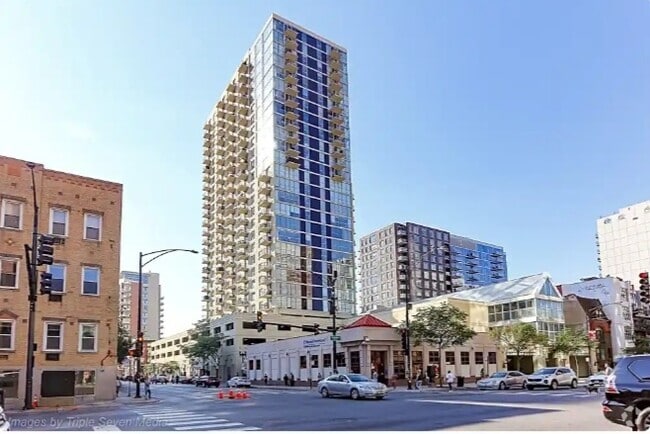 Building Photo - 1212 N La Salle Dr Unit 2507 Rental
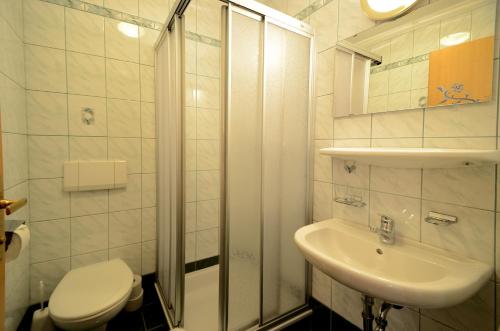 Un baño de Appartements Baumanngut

==

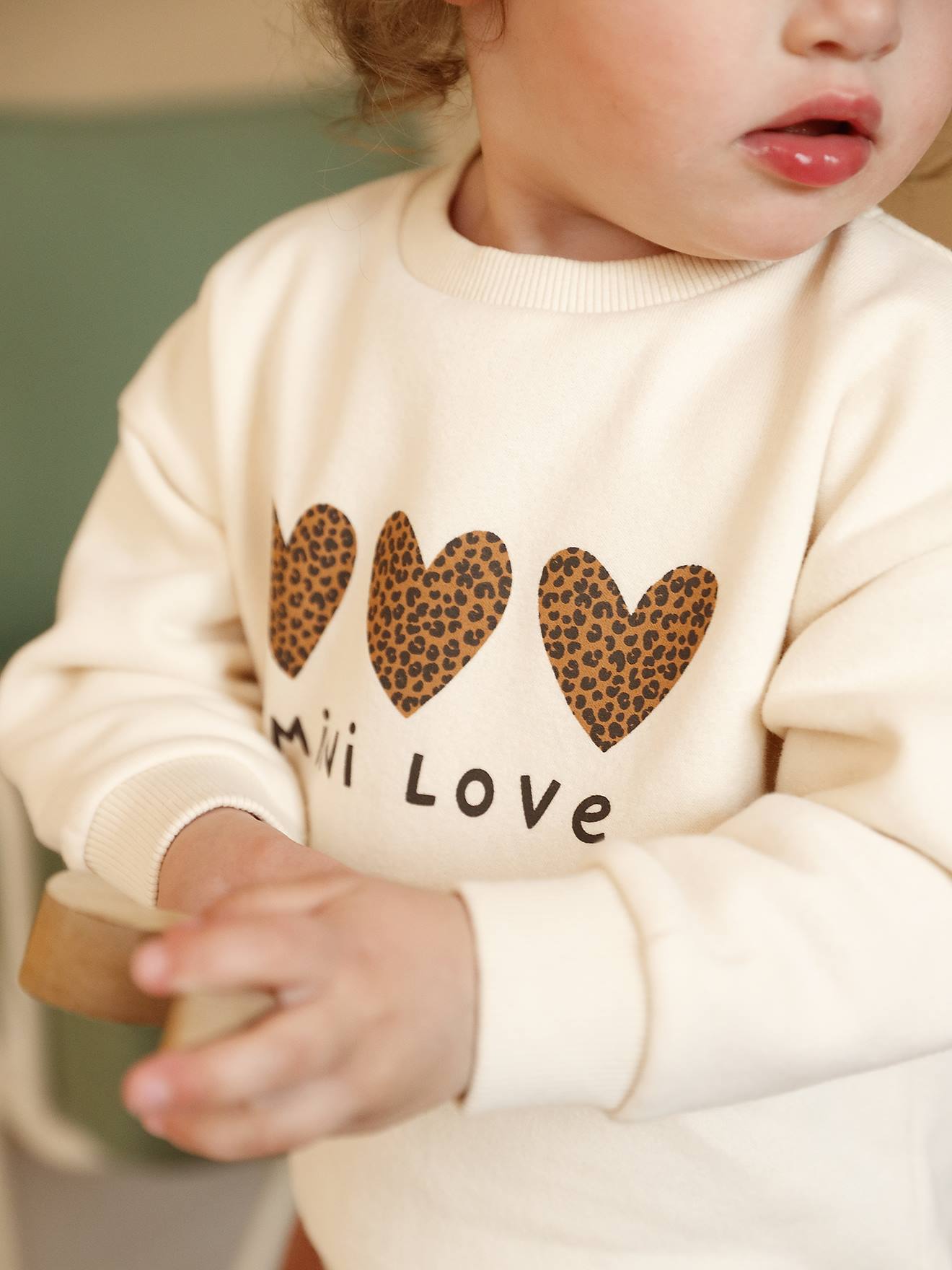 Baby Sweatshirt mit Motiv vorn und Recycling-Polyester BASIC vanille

EXERCISE OBJECTIVE: Restate word for word the lines of the data above that begin at the line with "Building Photo - 1212" and end at the line with "Un baño de Appartements Baumanngut", keeping both ends and dropping every picture.

REPLY:
 Building Photo - 1212 N La Salle Dr Unit 2507 Rental
 Un baño de Appartements Baumanngut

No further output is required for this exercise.